Multiprocessing.Queue deadlock

Discussion in 'Python' started by Felix, Oct 7, 2009.

  1. Felix

    Felix Guest

    Hello,

    I keep running into a deadlock in a fairly simple parallel script
    using Multiprocessing.Queue for sending tasks and receiving results.
    From the documentation I cannot figure out what is happening and none
    of the examples seem to cover quite what I am doing. The main code is

    results = mp.Queue()
    tasks = mp.JoinableQueue()
    tasks.put( (0,0) )
    procs = [ mp.Process(target=work, args=(tasks, results)) for i in range
    (nprocs)]
    for p in procs:
    p.daemon = True
    p.start()

    tasks.join()
    for i in range(nprocs): tasks.put('STOP')
    for p in procs: p.join()
    res=[]
    while 1:
    try:
    res.append(res.get(False))
    except Empty: break


    The function 'work' both consumes tasks adding the results to the
    output queue and adds new tasks to the input queue based on its
    result.

    def work(tasks, results):
    for task in iter(tasks.get, 'STOP'):
    res = calc(*task)
    if res:
    results.put(res)
    tasks.put((task[0], res[1]))
    tasks.put((res[0],task[1]))
    queue.task_done()

    This program will hang while the main process joins the workers (after
    all results are computed, i.e. after tasks.join() ). The workers have
    finished function 'work', but have not terminated yet.

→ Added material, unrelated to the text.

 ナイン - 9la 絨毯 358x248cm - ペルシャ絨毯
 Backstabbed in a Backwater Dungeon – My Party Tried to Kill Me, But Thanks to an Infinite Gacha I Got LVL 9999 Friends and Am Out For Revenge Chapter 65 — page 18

    Calling results.cancel_join_thread as a last line in 'work' prevents
    the deadlocks, as does terminating the workers directly. However I am
    not sure why that would be needed and if it might not make me loose
    results.

    It seems to be the workers cannot finish pusing buffered results into
    the output queue when calling 'results.join_thread' while terminating,
    but why is that? I tried calling 'results.close()' before joining the
    workers in the main process, but it does not make a difference.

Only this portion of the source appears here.